The NNPC boss expressed optimism that the refineries would return as new facilities after the overhaul ahead of Nigeria’s plan to stop the importation of petroleum products by 2019.
“As you know, it has been the perception of the public that the repairs of the refineries are never done thoroughly; so this time, our intention is to shut down the refineries when we are ready.
“We will then fully bring them back to what they should be as new refineries.
“Obviously, it is going to be a complex procedure; and as such, we have to breakdown the various work packages to ensure that all the various workforce have sufficient focus,” Baru said.

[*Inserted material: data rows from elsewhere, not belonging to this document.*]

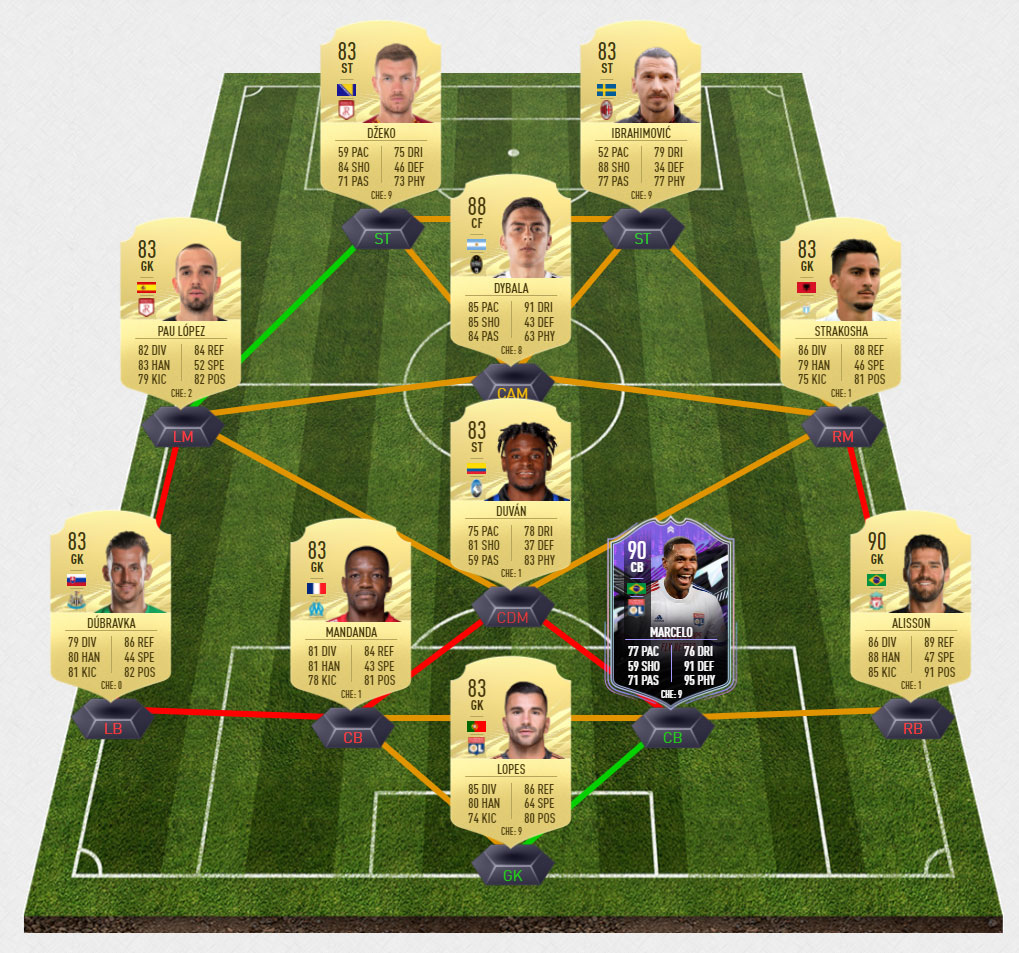 cavani3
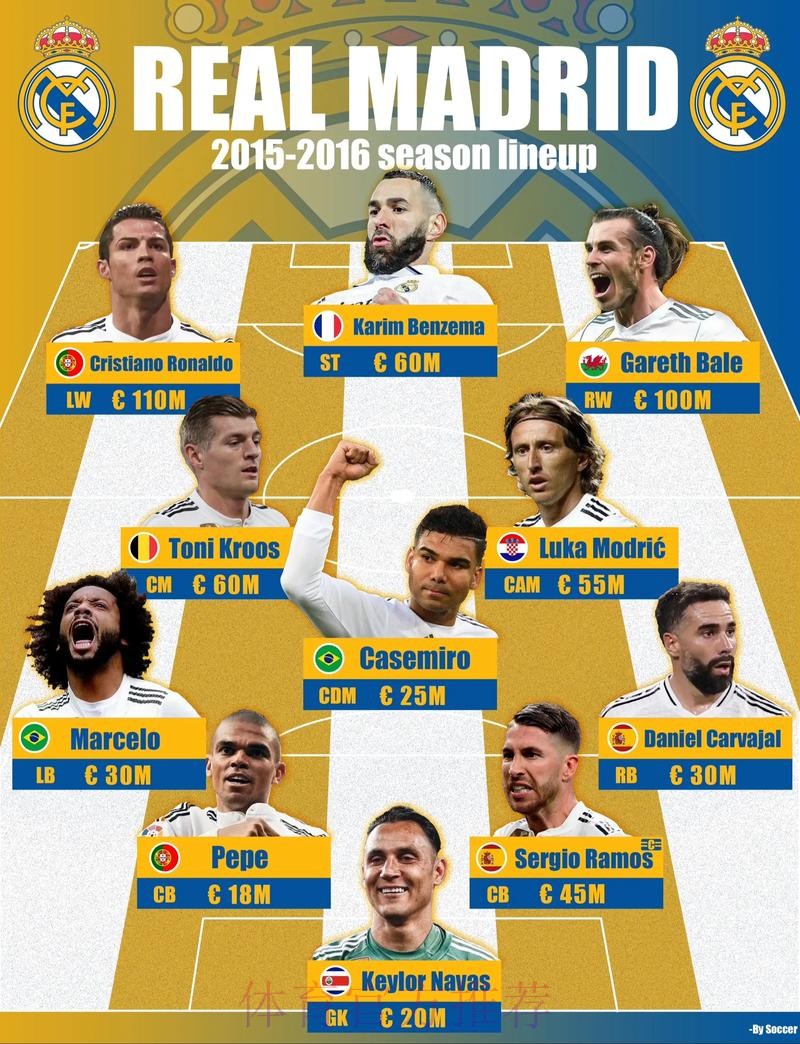 皇马西甲首轮大名单-姆巴佩领衔 恩德里克在列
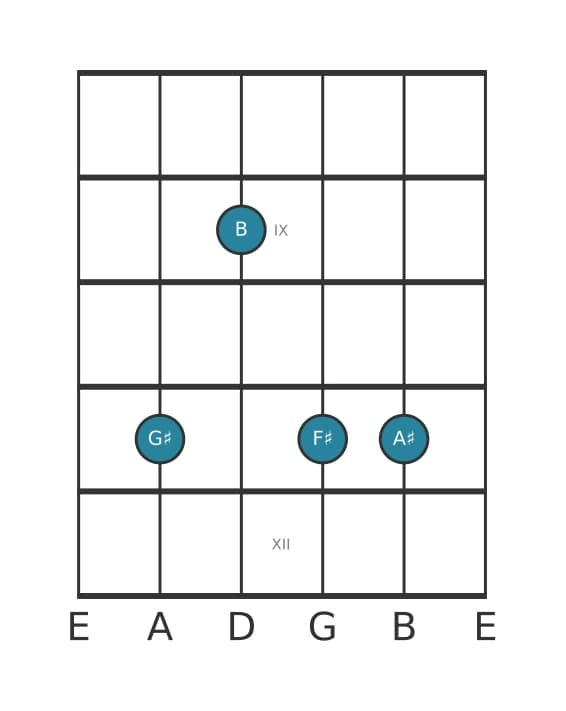 Guitar voicing #1 of the G sharp Minor ninth chord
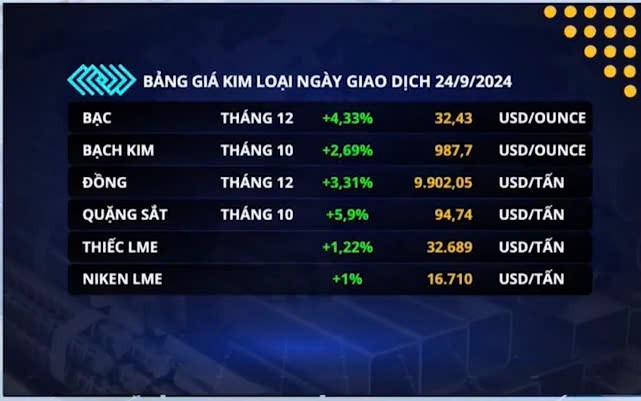 Trung Quốc mạnh tay hỗ trợ kinh tế, sắc xanh trên thị trường hàng hóa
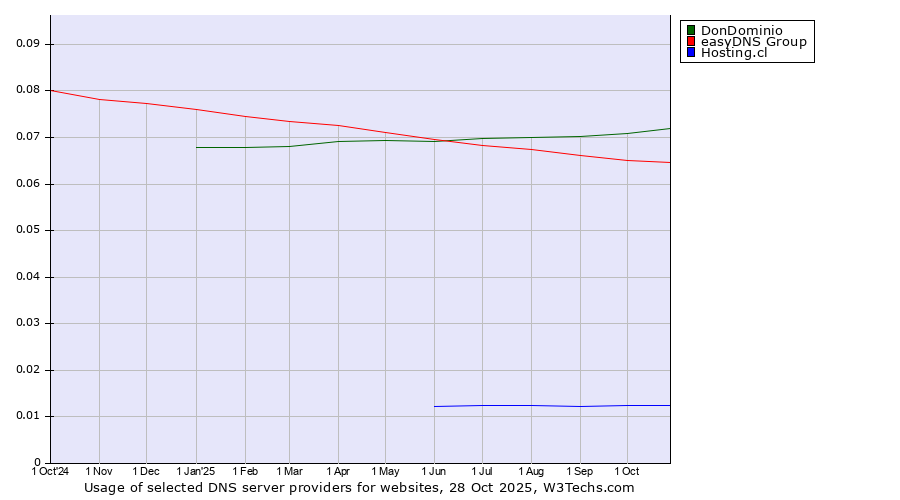 Historical trends in the usage of DonDominio vs. easyDNS Group vs. Hosting.cl
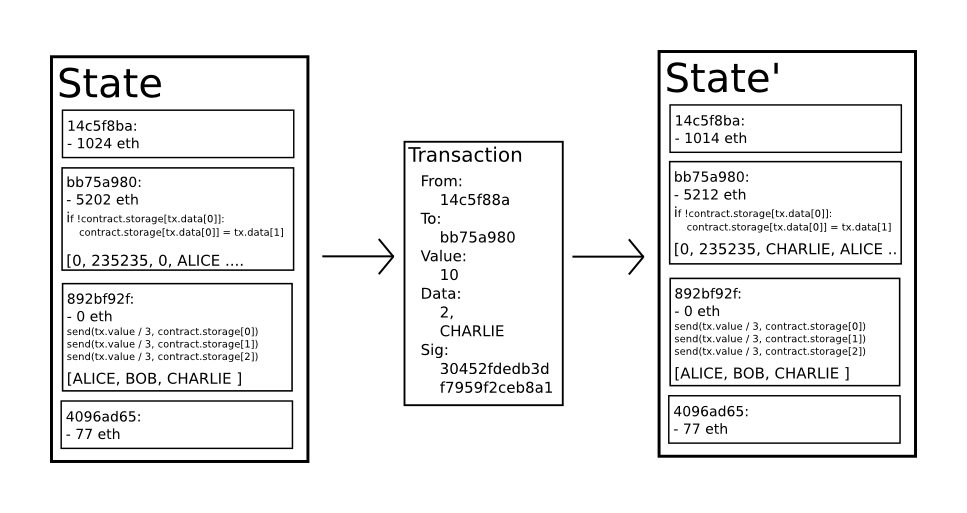 Ethereum Whitepaper | 1001fish.ru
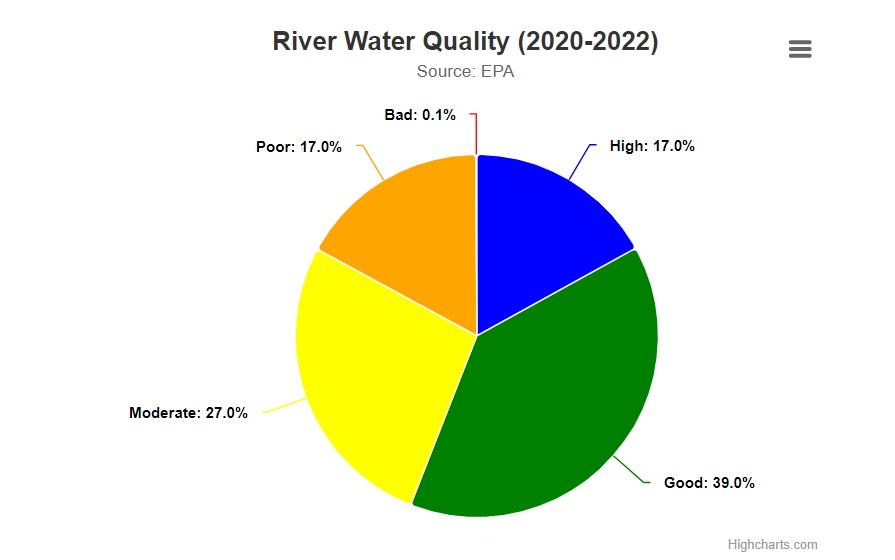 River water quality indicator image 2020 to 2022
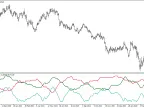 Total Power Indicator MT5 - MetaTrader 5 Script | Forex Indicator Download - MetaTrader 5 Resource
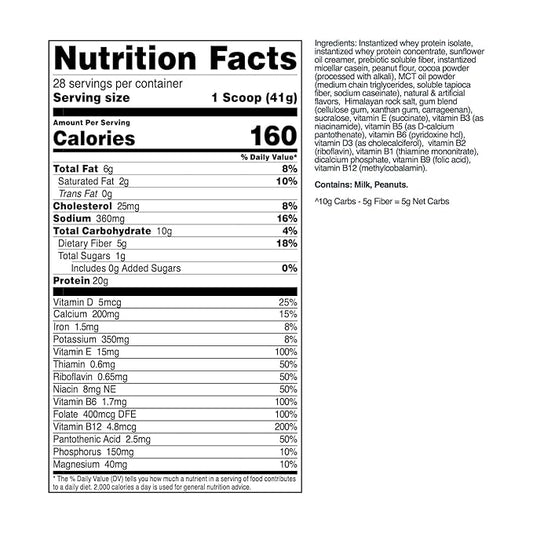 TransformHQ Meal Replacement Shake Powder 28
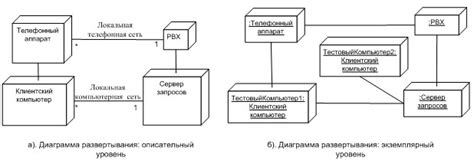 Конфликты программных компонентов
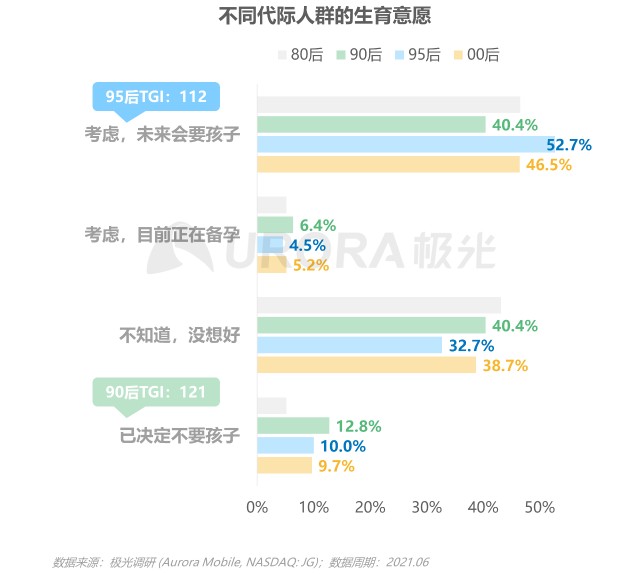 2021当代青年婚恋状态研究报告v1.1-30.png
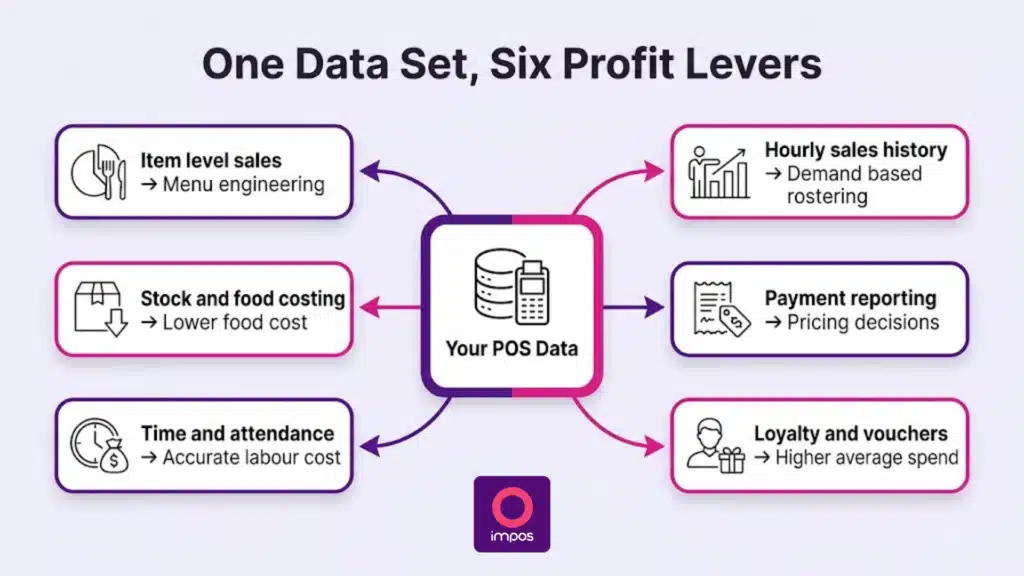 Diagram showing how restaurant POS data feeds menu engineering, food cost, labour and pricing decisions
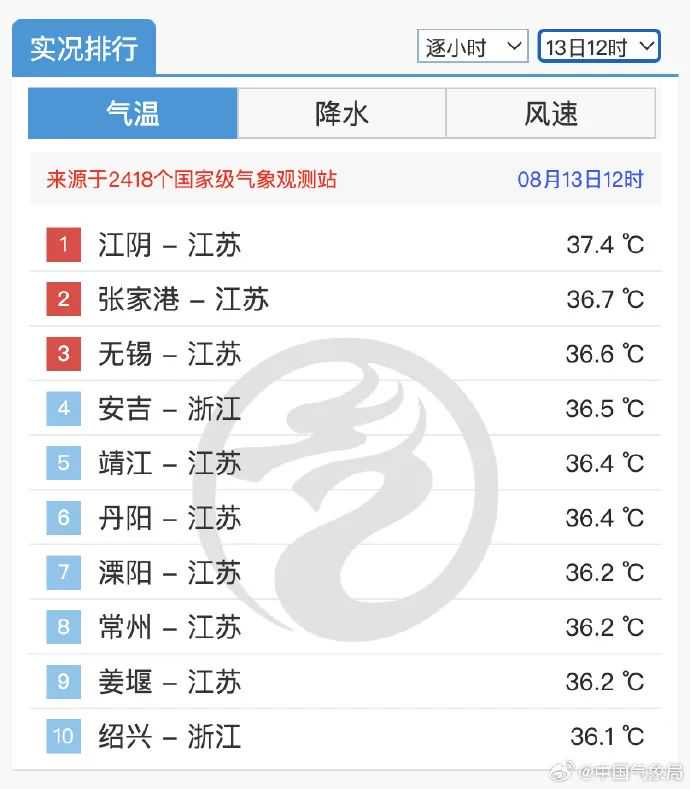 盐城大丰发生疑似龙卷风？暴雨+雷暴大风预警中！未来三天……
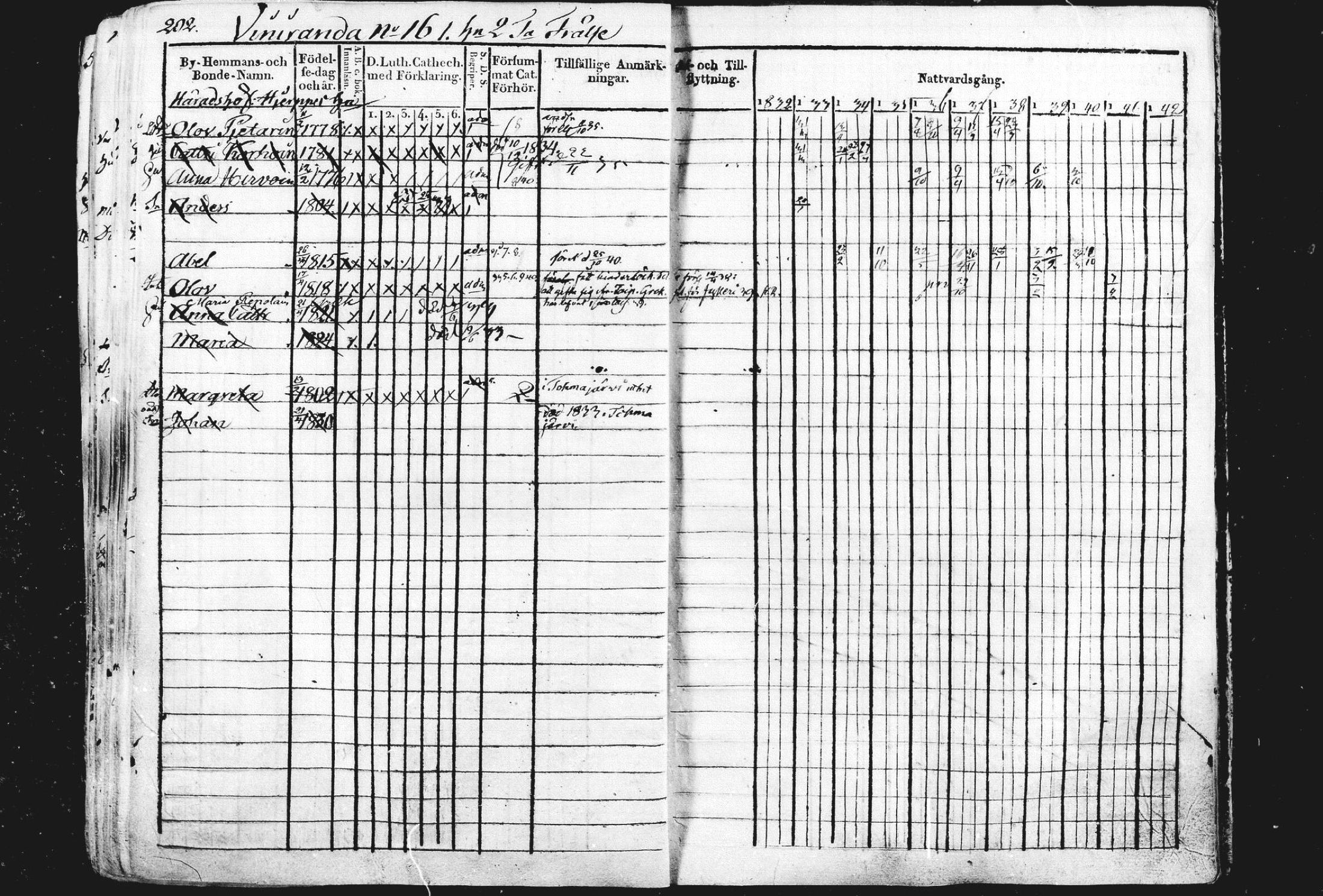 [ ../kirjat/Kirkonkirjat/liperi/rippikirja_1834-1840_mko122-130/kuvat/208.jpg ]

He explained that the eight committees on the refineries’ rehabilitation that were inaugurated comprised top management officials that would be having a day-to-day look at the work streams.
“We intend to focus on the repairs of the refineries with all that it takes to ensure that by the time we are done by 2019, these refineries will be as good as new,” he said.
In an address at the event, Baru said the incessant breakages of critical crude oil pipelines such as the Trans Niger Pipeline (TNP) and Forcados, had contributed to the recession the country experienced.
He said in 2016, the TNP and Forcados collectively recorded breaks on their various segments, which resulted in about 700,000 barrels per day (bpd) of oil production.
“In 2016, the Trans Niger Pipeline (TNP) with a capacity of 150,000 bpd was breached 39 times. Year-To-Date 2017, we have recorded 27 breaching incidents on the TNP.
“For the Trans Forcados Pipeline (TFP) with a capacity of 300,000 bpd, we recorded 17 breaches in 2016 while Year-To-Date 2017, we have recorded at least 15 breaching incidents on the TFP.
“On the average in 2016, about 700,000 barrels of oil per day were deferred due to pipeline vandalism,” he explained.
He further said towards the end of first and second quarter of 2016, the attacks on pipeline reached the highest point when the two major crude oil export pipelines of Forcados Oil Terminal (FOT) and Qua Iboe Terminal (QIT) were lost due to sabotage.
“Nigerian daily production during the period went down as low as 1.3 million barrels from 2.2 million barrels targeted during the same period.
“Similarly, because of the inter relationship between the crude pipeline and condensate evacuation from the gas plants, power generation in the country also dropped significantly as the gas plants had to shut down, thereby resulting in shortages in gas supply to power.
“At present, huge amount of money is spent on protecting these pipelines which significantly add to the cost of production.
“The foregoing summarises the effect of pipeline vandalism and therefore underscores the importance of protecting our pipeline system and treating them as national assets.
“The huge capital investment made in the pipeline network across the country should trigger more resolute determination to finding lasting solutions to the perennial challenges threatening the future of pipeline infrastructure in the country,” Baru said.
Earlier, a statement from Mr Ndu Ughamadu, the NNPC Group General Manager, Group Public Affairs Division, said the corporation was working in line with President Muhammadu Buhari’s mandate to rehabilitate the three refineries.
Ughamadu said that more than 28 Expressions of Interest (EoIs) had been received so far by the corporation from private funding sources for the refineries’ rehabilitation project, adding it was expecting more EoIs by the end of the year.
Ughamadu quoted Baru as saying: “We want to show everyone that we can fully run the refineries. You must all work together to operate them at 100 per cent capacity as this was the only way to ensure profitability.
“We can fix the refineries but without the right people to operate them, they would go back to where they were or even worse.”